**Problem description:** Go through the records and set each one down exactly, skipping any picture.

[Web page caption snippets]
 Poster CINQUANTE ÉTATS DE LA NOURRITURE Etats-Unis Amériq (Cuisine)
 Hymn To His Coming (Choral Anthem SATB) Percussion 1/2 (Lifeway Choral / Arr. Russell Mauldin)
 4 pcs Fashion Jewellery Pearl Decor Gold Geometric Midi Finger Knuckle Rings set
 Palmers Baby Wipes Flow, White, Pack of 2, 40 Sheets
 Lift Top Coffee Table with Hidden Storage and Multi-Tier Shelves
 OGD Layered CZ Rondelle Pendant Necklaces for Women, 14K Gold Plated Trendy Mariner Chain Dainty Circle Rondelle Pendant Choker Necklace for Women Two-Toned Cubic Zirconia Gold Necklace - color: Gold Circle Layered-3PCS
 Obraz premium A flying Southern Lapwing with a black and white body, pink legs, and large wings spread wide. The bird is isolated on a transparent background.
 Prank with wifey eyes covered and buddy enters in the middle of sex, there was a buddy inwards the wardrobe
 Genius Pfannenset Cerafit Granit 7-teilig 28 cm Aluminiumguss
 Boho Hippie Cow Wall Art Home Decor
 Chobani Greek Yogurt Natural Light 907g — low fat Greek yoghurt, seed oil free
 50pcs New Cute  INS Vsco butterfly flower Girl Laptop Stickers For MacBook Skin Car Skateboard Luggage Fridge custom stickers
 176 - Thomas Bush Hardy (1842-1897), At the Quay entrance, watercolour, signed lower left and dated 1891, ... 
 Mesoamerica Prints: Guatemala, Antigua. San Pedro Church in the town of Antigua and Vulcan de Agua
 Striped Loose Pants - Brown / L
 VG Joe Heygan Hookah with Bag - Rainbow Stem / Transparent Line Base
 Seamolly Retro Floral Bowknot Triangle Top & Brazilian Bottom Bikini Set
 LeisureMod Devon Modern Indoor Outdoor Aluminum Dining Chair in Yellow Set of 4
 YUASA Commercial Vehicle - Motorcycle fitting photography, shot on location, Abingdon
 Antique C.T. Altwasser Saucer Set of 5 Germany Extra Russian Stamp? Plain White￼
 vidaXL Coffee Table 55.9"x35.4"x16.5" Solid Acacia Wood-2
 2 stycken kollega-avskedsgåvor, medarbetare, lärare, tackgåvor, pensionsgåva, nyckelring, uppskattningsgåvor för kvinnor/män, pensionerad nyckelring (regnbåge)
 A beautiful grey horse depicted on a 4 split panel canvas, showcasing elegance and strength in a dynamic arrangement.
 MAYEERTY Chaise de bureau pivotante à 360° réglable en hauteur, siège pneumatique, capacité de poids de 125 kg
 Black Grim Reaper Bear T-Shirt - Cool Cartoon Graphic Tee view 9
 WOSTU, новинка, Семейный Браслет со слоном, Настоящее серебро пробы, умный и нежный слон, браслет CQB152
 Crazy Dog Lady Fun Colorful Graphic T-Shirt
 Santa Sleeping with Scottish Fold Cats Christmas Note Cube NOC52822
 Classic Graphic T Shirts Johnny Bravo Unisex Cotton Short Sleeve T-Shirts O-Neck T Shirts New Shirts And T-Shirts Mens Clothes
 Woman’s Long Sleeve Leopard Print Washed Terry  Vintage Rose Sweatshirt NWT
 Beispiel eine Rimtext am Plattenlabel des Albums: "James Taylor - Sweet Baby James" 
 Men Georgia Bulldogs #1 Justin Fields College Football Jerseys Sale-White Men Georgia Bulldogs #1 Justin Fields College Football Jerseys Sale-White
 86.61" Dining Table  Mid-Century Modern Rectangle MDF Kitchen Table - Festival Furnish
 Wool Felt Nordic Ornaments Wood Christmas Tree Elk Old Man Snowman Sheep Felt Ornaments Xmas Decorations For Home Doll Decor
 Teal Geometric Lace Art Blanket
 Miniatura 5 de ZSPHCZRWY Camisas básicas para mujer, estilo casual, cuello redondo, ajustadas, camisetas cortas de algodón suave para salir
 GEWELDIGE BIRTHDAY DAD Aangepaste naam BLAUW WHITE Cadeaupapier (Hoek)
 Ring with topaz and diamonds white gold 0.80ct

**Answer box:**
 Poster CINQUANTE ÉTATS DE LA NOURRITURE Etats-Unis Amériq (Cuisine)
 Hymn To His Coming (Choral Anthem SATB) Percussion 1/2 (Lifeway Choral / Arr. Russell Mauldin)
 4 pcs Fashion Jewellery Pearl Decor Gold Geometric Midi Finger Knuckle Rings set
 Palmers Baby Wipes Flow, White, Pack of 2, 40 Sheets
 Lift Top Coffee Table with Hidden Storage and Multi-Tier Shelves
 OGD Layered CZ Rondelle Pendant Necklaces for Women, 14K Gold Plated Trendy Mariner Chain Dainty Circle Rondelle Pendant Choker Necklace for Women Two-Toned Cubic Zirconia Gold Necklace - color: Gold Circle Layered-3PCS
 Obraz premium A flying Southern Lapwing with a black and white body, pink legs, and large wings spread wide. The bird is isolated on a transparent background.
 Prank with wifey eyes covered and buddy enters in the middle of sex, there was a buddy inwards the wardrobe
 Genius Pfannenset Cerafit Granit 7-teilig 28 cm Aluminiumguss
 Boho Hippie Cow Wall Art Home Decor
 Chobani Greek Yogurt Natural Light 907g — low fat Greek yoghurt, seed oil free
 50pcs New Cute  INS Vsco butterfly flower Girl Laptop Stickers For MacBook Skin Car Skateboard Luggage Fridge custom stickers
 176 - Thomas Bush Hardy (1842-1897), At the Quay entrance, watercolour, signed lower left and dated 1891, ... 
 Mesoamerica Prints: Guatemala, Antigua. San Pedro Church in the town of Antigua and Vulcan de Agua
 Striped Loose Pants - Brown / L
 VG Joe Heygan Hookah with Bag - Rainbow Stem / Transparent Line Base
 Seamolly Retro Floral Bowknot Triangle Top & Brazilian Bottom Bikini Set
 LeisureMod Devon Modern Indoor Outdoor Aluminum Dining Chair in Yellow Set of 4
 YUASA Commercial Vehicle - Motorcycle fitting photography, shot on location, Abingdon
 Antique C.T. Altwasser Saucer Set of 5 Germany Extra Russian Stamp? Plain White
 vidaXL Coffee Table 55.9"x35.4"x16.5" Solid Acacia Wood-2
 2 stycken kollega-avskedsgåvor, medarbetare, lärare, tackgåvor, pensionsgåva, nyckelring, uppskattningsgåvor för kvinnor/män, pensionerad nyckelring (regnbåge)
 A beautiful grey horse depicted on a 4 split panel canvas, showcasing elegance and strength in a dynamic arrangement.
 MAYEERTY Chaise de bureau pivotante à 360° réglable en hauteur, siège pneumatique, capacité de poids de 125 kg
 Black Grim Reaper Bear T-Shirt - Cool Cartoon Graphic Tee view 9
 WOSTU, новинка, Семейный Браслет со слоном, Настоящее серебро пробы, умный и нежный слон, браслет CQB152
 Crazy Dog Lady Fun Colorful Graphic T-Shirt
 Santa Sleeping with Scottish Fold Cats Christmas Note Cube NOC52822
 Classic Graphic T Shirts Johnny Bravo Unisex Cotton Short Sleeve T-Shirts O-Neck T Shirts New Shirts And T-Shirts Mens Clothes
 Woman’s Long Sleeve Leopard Print Washed Terry  Vintage Rose Sweatshirt NWT
 Beispiel eine Rimtext am Plattenlabel des Albums: "James Taylor - Sweet Baby James" 
 Men Georgia Bulldogs #1 Justin Fields College Football Jerseys Sale-White Men Georgia Bulldogs #1 Justin Fields College Football Jerseys Sale-White
 86.61" Dining Table  Mid-Century Modern Rectangle MDF Kitchen Table - Festival Furnish
 Wool Felt Nordic Ornaments Wood Christmas Tree Elk Old Man Snowman Sheep Felt Ornaments Xmas Decorations For Home Doll Decor
 Teal Geometric Lace Art Blanket
 Miniatura 5 de ZSPHCZRWY Camisas básicas para mujer, estilo casual, cuello redondo, ajustadas, camisetas cortas de algodón suave para salir
 GEWELDIGE BIRTHDAY DAD Aangepaste naam BLAUW WHITE Cadeaupapier (Hoek)
 Ring with topaz and diamonds white gold 0.80ct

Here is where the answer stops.